*Problem to solve*
What you return must match the listing below line for line, minus its pictures.

*Collected data*
>>>>>

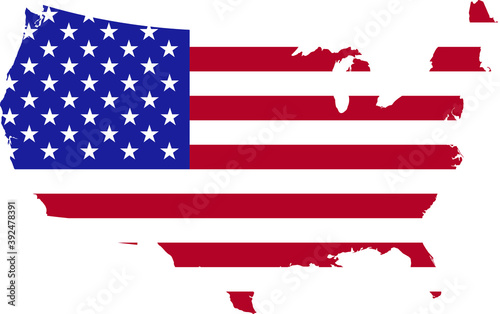 Flag of the United States of America cropped inside it's map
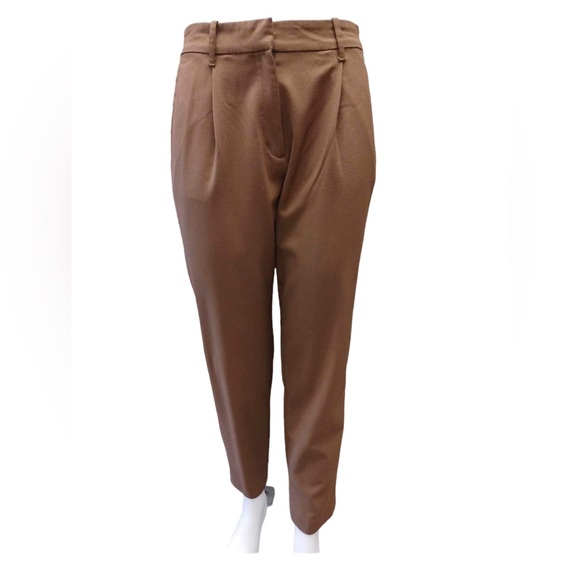 Frank And Oak Wool Blend Brown Trousers Size 6 - Picture 1 of 8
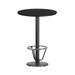 Flash Furniture XU-RD-30-BLKTB-TR18B-3CFR-GG 30" Round Bar Height Table - Black Laminate Top, Cast Iron Base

<<<<<

*Solution for this problem*
 Flag of the United States of America cropped inside it's map
 Frank And Oak Wool Blend Brown Trousers Size 6 - Picture 1 of 8
 Flash Furniture XU-RD-30-BLKTB-TR18B-3CFR-GG 30" Round Bar Height Table - Black Laminate Top, Cast Iron Base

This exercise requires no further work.